Hello one and all,
I hope you aren’t all suffering too badly today, just keep in the forefront of your mind that you will recover one day, fact. I thought i’d create a post about something which I strongly believe exacerbates the continuation of your Anxiety, and I too am very guilty of this.
What do I mean by the invisible catalyst? Reassurance. What does it mean? Well it simply means seeking advice on your situation (not illness), in order to ease how you are feeling or to put your mind at rest temporarily. I say temporarily because it doesn’t last. That reassurance you read last week has all but disappeared as now you need more. More reassurance that will just keep you going throughout your day and lessen the struggle with yourself and it’s debilitating symptoms.
As much as I am a supporter of any forums and websites that offer guidance and help into your condition, it isn’t them that can actually cure you, nor is it a doctor or psychiatrist. It’s you. You can seek all the reassurance and understanding out there about Anxiety, but it will be of no help if you do not use the tools acquired and implement it into your life.

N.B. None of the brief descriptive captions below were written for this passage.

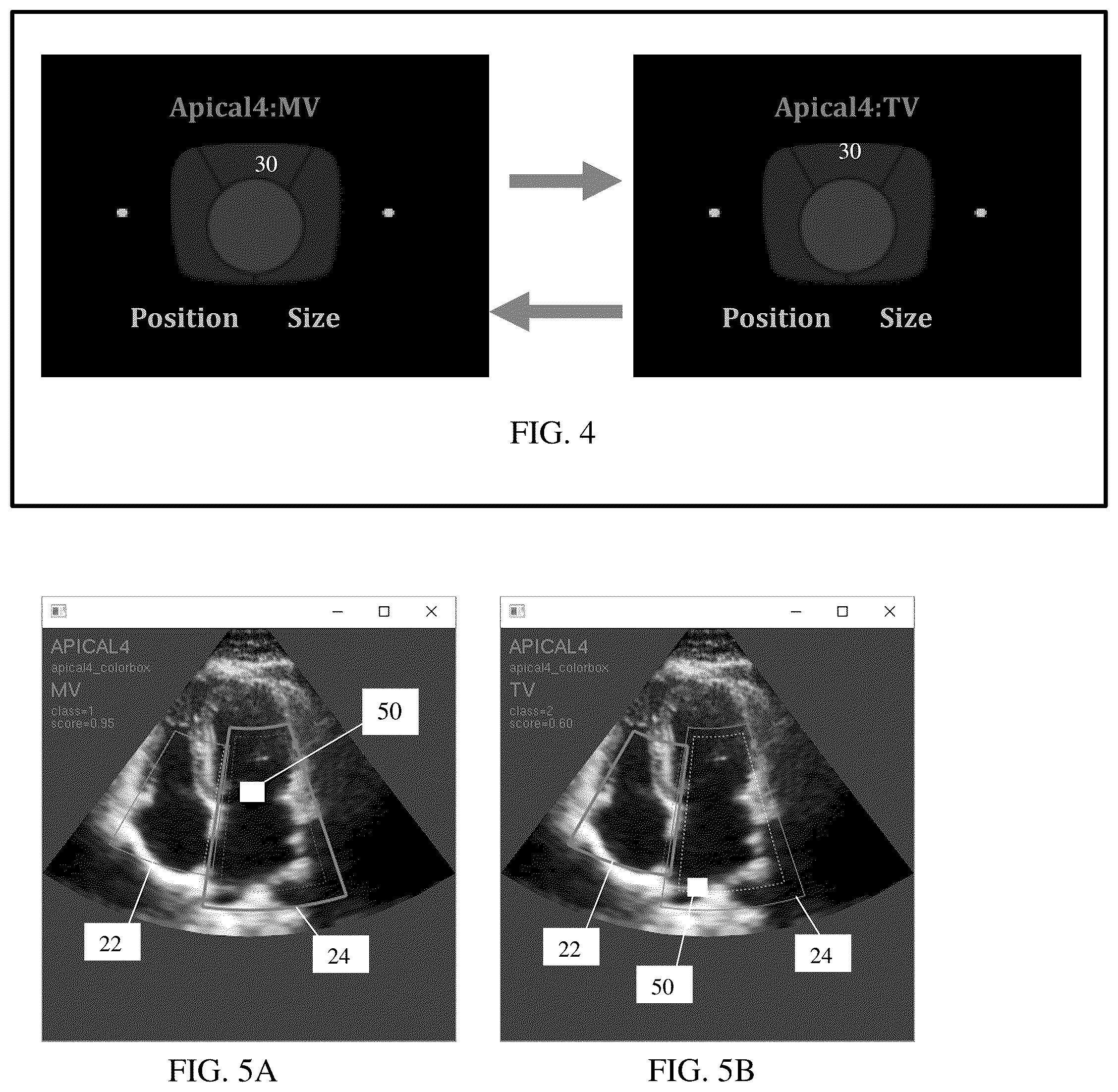 Patent US12102475 Figure 3 – Image classification-dependent user interface in ultrasound imaging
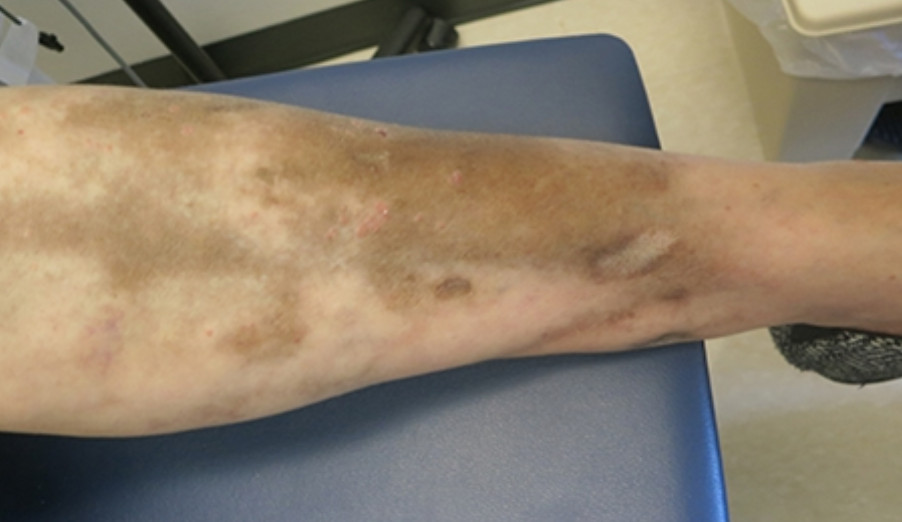 Hydroxychloroquine induced pigmentation in Lupus pt.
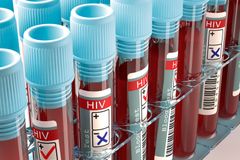 Výpadek amerických peněz by mohl způsobit smrt milionů lidí. Ohrožen je boj proti HIV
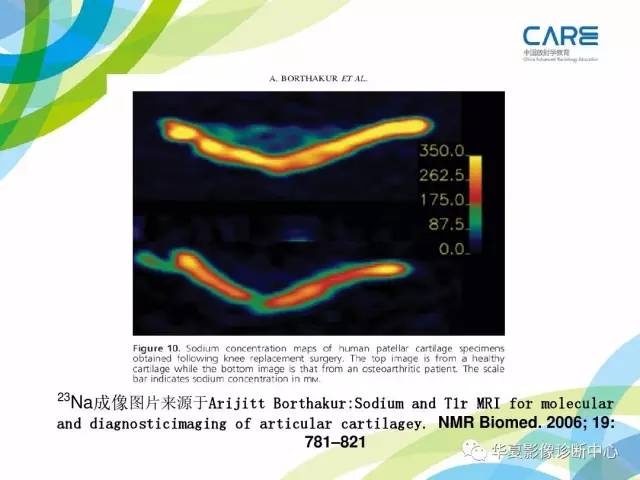 【PPT】骨肌系统影像学基本征象再认识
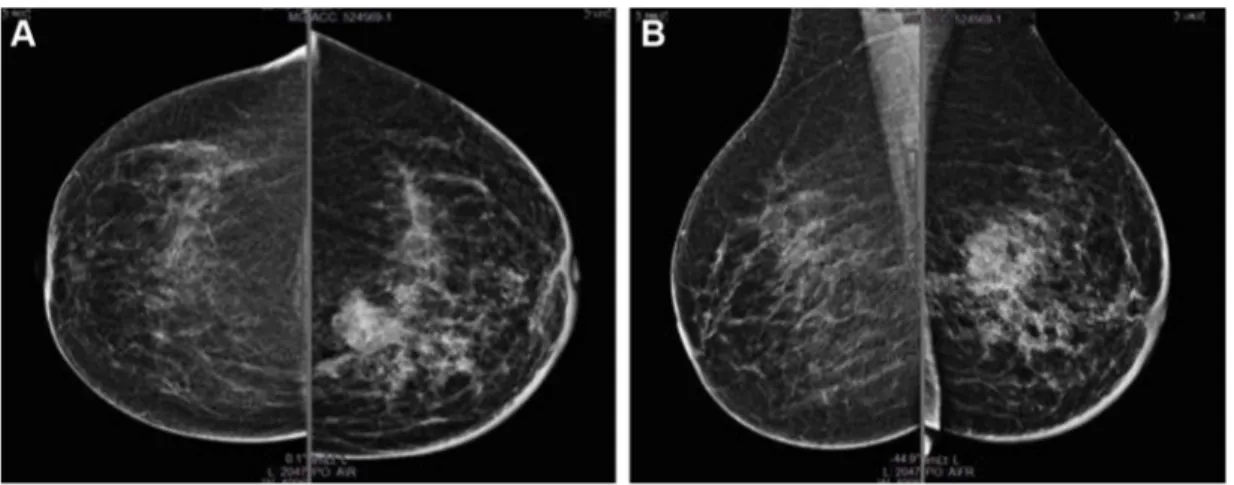 Figure 1 May 2015, baseline mammography.
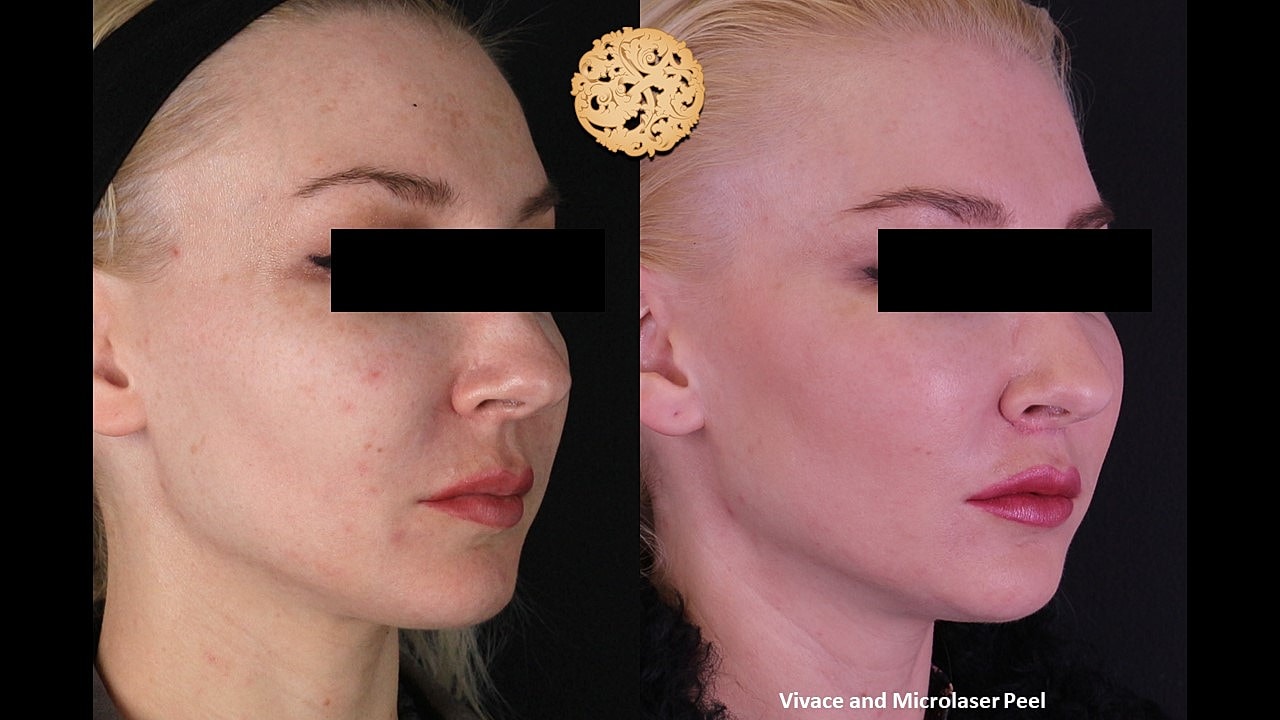 Skin Rejuvenation Gallery Before & After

This is easier said than done, I know. It’s so easy to want to reach for that forum, reach for that internet search again when you’re feeling down that will reassure you that you are ok, and that you are not actually going crazy after all. If only we actually believed it.
SO, unless you’re recovered fully and seek great pleasure in helping those in need, I would strongly, strongly, strongly suggest you stop googling, stop the reassurance and use what you’ve learned to put into practice. Every single time you visit a forum or google your symptoms, you are teaching you’re brain that it’s important. It isn’t important, at all. You are re-enforcing that Anxiety is dangerous and in actual fact, the irony is that it’s quite the opposite. It’s our survival mechanism protecting us. It just doesn’t know it’s sending us false signals.
Through using acceptance (until it becomes habitual), you will recover. If you don’t know about the accepted method, look up as much information as you can on Dr Claire Weekes. Once you know what to do (which is basically nothing other than accept every single aspect of your condition, no matter how bad your day is) you are on the right path to recovery. No, it isn’t going to manifest into Schizophrenia, no it isn’t a Brain Tumour, no you are not losing your mind and no it isn’t a Heart Attack. You are absolutely fine and always have been.
The next time you want to google your symptoms or seek more advice, just remember something. You already know you’re fine. You already know it’s just your frustration getting the better of you. When we stop googling, we will initially find it hard as learning, complaining and seeking reassurance about Anxiety actually becomes a bit of a hobby. (Only an unhealthy hobby of course, unless you’re recovered). You get this uncontrollable urge that compels you to keep going back and back , wanting more, there must be something else I haven’t learned about yet, I need more. And the more you do it, the deeper entangled you become into the cobweb. Break out of the web strand by strand, slowly, over time.
If you were not consumed with Anxiety and this post was about something you actually enjoyed doing, you would have finished reading it completely satisfied and content with what you need to do and would never come back here to read it again, and again. As we have Anxiety though, this is harder to do. But it is very possible. So I am going to tell you, not advise you, tell you. Read this post over and over if you have to and let it sink in deep, remember it habitually so that the next time you want to google, think to yourself : ‘No, i’m ok, just keep accepting’. Whether it be days, weeks or months, keep accepting. I guarantee the rewards will be worth it and you will be able to live a life more satisfying than anything before.
So please... have patience, take heart and display courage.
End the resistance to any part of the condition, including reassurance and it will end with you.